The most questionable aspect of Wyden’s bill is its attempt to limit the power of the federal courts to hold Congressional acts unconstitutional. The bill says that a two-thirds majority of the Supreme Court is necessary to find a law unconstitutional, and a unanimous vote of a Court of Appeals panel. I am not sure what motivates this. Liberals and conservatives are about equally likely to think that a particular law is unconstitutional, depending on what it says. Certainly the Democrats were eager to have laws against abortion and sodomy, to name just two examples, overturned. This provision seems aimed rather spitefully at the present composition of the Court.

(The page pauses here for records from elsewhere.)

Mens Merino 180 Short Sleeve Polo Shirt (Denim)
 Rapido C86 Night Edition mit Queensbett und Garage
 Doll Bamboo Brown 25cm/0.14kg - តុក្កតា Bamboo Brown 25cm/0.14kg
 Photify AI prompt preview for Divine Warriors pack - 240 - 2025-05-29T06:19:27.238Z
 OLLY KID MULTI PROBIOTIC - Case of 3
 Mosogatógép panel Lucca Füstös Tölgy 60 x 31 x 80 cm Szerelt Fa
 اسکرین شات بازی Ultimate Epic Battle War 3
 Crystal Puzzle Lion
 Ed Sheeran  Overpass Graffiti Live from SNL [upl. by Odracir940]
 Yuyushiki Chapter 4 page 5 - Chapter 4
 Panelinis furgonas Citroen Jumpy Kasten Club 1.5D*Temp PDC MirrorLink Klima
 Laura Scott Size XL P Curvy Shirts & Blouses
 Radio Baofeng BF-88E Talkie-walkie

More fundamentally, the two-thirds requirement seems plainly unconstitutional. Under Marbury v. Madison, “[I]t is emphatically the province and duty of the judicial department to say what the law is,” and “[a] Law repugnant to the Constitution is void.” Does Congress have the authority to limit an equal branch’s power to carry out what that branch sees as its constitutional duty? Unless I am missing something, the answer is clearly No.
This bill purports to require a two-thirds majority to declare an act of Congress (not, apparently, a state law) unconstitutional. What if Congress purported to require a unanimous decision of the Court for such a ruling? There is no way any Supreme Court would view an attempt by Congress to limit its ability to issue rulings on constitutional questions as permissible.